The Bank of Korea Expects Inflation Impact from Base Rate Adjustment to Intensify After 4 to 6 Quarters
Considering the time lag in the inflation transmission of the base interest rate adjustment, the effect of the 3.0 percentage point increase in the base interest rate from August 2021 to January this year on slowing inflation is expected to expand further this year. The Bank of Korea estimated that the consumer price index (CPI) inflation rate deceleration effect due to the base rate hikes will increase from -0.4 percentage points last year to -1.3 percentage points this year.
On the 28th, Hong Kyung-sik, Director of the Monetary Policy Department at the Bank of Korea, posted an article titled "Main Background of the February Base Rate Decision" on the Bank of Korea blog, stating that the inflation deceleration effect from the base rate hikes, which have been transmitted with a time lag, will expand further this year.
Director Hong said, "It is necessary to consider the time lag in the transmission of base rate hikes," adding, "When the central bank adjusts the policy rate, it first affects market interest rates and deposit and loan rates in the financial market, leading to adjustments in consumption and investment, during which inflation is adjusted."
Although the inflation transmission lag varies by country and economic conditions, according to the Bank of Korea’s econometric models, the inflation impact of base rate adjustments is estimated to begin in earnest after 4 to 6 quarters.
Changes in the trends of real consumption and the private consumption deflator also confirm the transmission lag.
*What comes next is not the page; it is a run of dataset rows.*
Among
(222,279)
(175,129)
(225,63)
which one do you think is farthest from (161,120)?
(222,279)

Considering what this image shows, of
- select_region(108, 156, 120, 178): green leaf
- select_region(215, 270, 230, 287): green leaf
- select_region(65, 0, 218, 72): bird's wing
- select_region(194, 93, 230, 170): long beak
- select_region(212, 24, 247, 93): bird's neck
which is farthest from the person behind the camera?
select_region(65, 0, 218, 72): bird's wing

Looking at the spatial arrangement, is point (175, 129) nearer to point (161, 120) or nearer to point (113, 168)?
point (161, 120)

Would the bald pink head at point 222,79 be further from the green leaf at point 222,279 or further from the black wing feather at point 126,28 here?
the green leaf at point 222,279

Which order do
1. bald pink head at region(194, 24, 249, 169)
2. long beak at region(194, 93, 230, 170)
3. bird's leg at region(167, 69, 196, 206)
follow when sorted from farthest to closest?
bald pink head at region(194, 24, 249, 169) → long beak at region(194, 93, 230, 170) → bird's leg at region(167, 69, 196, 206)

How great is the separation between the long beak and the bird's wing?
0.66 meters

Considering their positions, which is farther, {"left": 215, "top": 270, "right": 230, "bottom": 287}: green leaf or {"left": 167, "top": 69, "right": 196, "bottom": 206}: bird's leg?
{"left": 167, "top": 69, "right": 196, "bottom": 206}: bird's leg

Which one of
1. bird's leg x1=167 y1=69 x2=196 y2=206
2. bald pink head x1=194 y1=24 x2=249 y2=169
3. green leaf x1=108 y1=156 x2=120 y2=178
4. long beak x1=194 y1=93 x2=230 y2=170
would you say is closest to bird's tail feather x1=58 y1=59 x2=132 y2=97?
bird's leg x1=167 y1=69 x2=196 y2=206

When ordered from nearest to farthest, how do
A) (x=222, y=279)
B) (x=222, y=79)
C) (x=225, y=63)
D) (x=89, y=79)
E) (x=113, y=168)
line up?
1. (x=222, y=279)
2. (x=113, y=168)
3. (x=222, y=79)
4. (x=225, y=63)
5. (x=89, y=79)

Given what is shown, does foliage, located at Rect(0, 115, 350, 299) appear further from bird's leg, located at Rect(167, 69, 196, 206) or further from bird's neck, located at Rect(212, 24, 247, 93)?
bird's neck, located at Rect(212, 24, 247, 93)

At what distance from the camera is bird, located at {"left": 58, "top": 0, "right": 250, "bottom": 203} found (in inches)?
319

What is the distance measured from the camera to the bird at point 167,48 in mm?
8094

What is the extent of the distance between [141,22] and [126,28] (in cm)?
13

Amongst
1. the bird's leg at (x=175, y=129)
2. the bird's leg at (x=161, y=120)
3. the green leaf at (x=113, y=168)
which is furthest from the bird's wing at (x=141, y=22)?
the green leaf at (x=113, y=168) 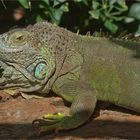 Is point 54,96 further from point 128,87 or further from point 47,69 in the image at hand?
point 128,87

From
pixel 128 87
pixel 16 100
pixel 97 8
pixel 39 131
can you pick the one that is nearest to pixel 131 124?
pixel 128 87

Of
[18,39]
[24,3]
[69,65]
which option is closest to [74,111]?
[69,65]

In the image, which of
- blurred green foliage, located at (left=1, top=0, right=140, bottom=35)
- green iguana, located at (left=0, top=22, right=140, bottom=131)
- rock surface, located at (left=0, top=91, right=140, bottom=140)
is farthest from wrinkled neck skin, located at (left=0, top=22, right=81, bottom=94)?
blurred green foliage, located at (left=1, top=0, right=140, bottom=35)

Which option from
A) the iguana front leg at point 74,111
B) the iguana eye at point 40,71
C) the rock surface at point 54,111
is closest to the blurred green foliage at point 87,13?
the iguana eye at point 40,71

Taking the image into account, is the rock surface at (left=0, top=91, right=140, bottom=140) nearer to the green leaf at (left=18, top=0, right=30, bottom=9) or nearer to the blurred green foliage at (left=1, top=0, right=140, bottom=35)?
the green leaf at (left=18, top=0, right=30, bottom=9)

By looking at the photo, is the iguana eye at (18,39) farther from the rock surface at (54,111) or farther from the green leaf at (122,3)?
the green leaf at (122,3) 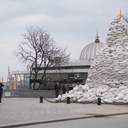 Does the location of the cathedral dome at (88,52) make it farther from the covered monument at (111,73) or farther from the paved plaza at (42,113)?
the paved plaza at (42,113)

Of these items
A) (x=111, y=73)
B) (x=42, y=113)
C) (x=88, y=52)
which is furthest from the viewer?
(x=88, y=52)

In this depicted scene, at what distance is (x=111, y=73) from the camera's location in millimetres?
41812

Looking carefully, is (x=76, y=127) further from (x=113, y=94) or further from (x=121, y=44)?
(x=121, y=44)

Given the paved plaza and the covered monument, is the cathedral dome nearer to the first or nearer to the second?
the covered monument

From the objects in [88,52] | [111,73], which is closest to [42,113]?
[111,73]

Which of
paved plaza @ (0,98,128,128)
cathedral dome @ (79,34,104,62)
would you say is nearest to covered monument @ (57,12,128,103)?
paved plaza @ (0,98,128,128)

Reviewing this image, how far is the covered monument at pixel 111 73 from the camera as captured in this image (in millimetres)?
39875

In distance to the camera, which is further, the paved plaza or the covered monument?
the covered monument

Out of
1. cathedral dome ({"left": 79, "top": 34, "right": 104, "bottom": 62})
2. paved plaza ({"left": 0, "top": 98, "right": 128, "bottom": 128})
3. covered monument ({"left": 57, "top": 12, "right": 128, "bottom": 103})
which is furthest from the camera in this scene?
cathedral dome ({"left": 79, "top": 34, "right": 104, "bottom": 62})

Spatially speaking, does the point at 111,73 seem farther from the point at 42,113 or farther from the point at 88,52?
the point at 88,52

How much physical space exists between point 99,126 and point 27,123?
2913 millimetres

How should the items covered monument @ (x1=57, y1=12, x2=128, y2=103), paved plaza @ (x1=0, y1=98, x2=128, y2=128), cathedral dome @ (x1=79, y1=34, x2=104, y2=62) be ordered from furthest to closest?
cathedral dome @ (x1=79, y1=34, x2=104, y2=62)
covered monument @ (x1=57, y1=12, x2=128, y2=103)
paved plaza @ (x1=0, y1=98, x2=128, y2=128)

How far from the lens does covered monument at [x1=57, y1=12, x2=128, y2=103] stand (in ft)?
131

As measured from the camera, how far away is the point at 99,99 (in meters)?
37.0
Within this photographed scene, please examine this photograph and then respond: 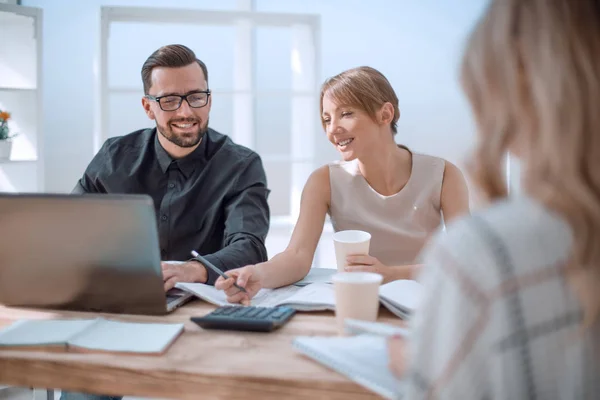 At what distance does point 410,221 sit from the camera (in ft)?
6.72

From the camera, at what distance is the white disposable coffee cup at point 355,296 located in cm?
116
Director Hong explained, "From August 2021, when the base rate hikes began, through the first half of last year, there was a strong increase in real consumption alongside a high rise in the private consumption deflator, but in the second half of last year, both variables showed a simultaneous slowdown." This suggests that the previous base rate hikes have gradually eased demand-side inflationary pressures through consumption adjustments with a time lag.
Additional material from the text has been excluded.